From the entries that follow, copy exactly the lines beginning at the line holding "Приглашаем будущих первокурсников" and continuing through the line holding "BEAMS SCHOOL レインコート ランドセル対応／収納袋付き ラベンダー".

Short descriptive text snippets
▼▼▼

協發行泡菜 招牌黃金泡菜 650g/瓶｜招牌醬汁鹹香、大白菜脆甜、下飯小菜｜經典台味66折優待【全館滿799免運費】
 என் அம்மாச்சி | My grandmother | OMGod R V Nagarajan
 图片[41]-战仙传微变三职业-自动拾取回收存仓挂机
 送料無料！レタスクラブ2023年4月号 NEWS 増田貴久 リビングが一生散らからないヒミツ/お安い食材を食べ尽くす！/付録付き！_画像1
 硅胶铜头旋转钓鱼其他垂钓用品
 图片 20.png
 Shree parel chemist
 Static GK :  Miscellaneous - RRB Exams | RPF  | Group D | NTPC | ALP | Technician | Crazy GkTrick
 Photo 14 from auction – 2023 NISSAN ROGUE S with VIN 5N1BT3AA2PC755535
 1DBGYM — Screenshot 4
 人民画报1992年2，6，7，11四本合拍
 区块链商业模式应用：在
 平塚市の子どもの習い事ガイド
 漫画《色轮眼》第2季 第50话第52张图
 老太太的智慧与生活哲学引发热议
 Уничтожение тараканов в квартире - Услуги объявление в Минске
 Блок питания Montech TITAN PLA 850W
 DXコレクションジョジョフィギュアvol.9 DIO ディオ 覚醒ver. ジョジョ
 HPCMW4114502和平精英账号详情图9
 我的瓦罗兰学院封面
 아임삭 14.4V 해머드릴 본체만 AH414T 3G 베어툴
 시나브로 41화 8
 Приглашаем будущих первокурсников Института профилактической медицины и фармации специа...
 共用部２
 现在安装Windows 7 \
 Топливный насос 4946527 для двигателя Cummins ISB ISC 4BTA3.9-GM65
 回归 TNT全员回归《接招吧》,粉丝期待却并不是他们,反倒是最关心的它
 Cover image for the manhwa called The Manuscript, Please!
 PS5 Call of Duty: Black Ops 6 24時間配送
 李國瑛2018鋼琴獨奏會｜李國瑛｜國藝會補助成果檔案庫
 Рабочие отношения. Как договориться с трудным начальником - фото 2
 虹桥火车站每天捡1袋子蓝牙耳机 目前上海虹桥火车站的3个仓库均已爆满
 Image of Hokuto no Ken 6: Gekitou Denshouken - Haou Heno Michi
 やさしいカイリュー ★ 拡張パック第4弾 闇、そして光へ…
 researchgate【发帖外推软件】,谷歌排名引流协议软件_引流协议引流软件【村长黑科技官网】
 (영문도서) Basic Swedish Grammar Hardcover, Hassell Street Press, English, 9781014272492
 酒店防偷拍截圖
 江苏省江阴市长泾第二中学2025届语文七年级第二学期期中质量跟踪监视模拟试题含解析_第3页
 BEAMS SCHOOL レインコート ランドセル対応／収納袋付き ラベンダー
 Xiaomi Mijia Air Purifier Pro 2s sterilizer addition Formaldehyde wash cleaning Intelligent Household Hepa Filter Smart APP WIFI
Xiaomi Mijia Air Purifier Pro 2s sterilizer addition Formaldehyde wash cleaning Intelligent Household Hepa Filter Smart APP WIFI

▲▲▲

[Problem solution]
 Приглашаем будущих первокурсников Института профилактической медицины и фармации специа...
 共用部２
 现在安装Windows 7 \
 Топливный насос 4946527 для двигателя Cummins ISB ISC 4BTA3.9-GM65
 回归 TNT全员回归《接招吧》,粉丝期待却并不是他们,反倒是最关心的它
 Cover image for the manhwa called The Manuscript, Please!
 PS5 Call of Duty: Black Ops 6 24時間配送
 李國瑛2018鋼琴獨奏會｜李國瑛｜國藝會補助成果檔案庫
 Рабочие отношения. Как договориться с трудным начальником - фото 2
 虹桥火车站每天捡1袋子蓝牙耳机 目前上海虹桥火车站的3个仓库均已爆满
 Image of Hokuto no Ken 6: Gekitou Denshouken - Haou Heno Michi
 やさしいカイリュー ★ 拡張パック第4弾 闇、そして光へ…
 researchgate【发帖外推软件】,谷歌排名引流协议软件_引流协议引流软件【村长黑科技官网】
 (영문도서) Basic Swedish Grammar Hardcover, Hassell Street Press, English, 9781014272492
 酒店防偷拍截圖
 江苏省江阴市长泾第二中学2025届语文七年级第二学期期中质量跟踪监视模拟试题含解析_第3页
 BEAMS SCHOOL レインコート ランドセル対応／収納袋付き ラベンダー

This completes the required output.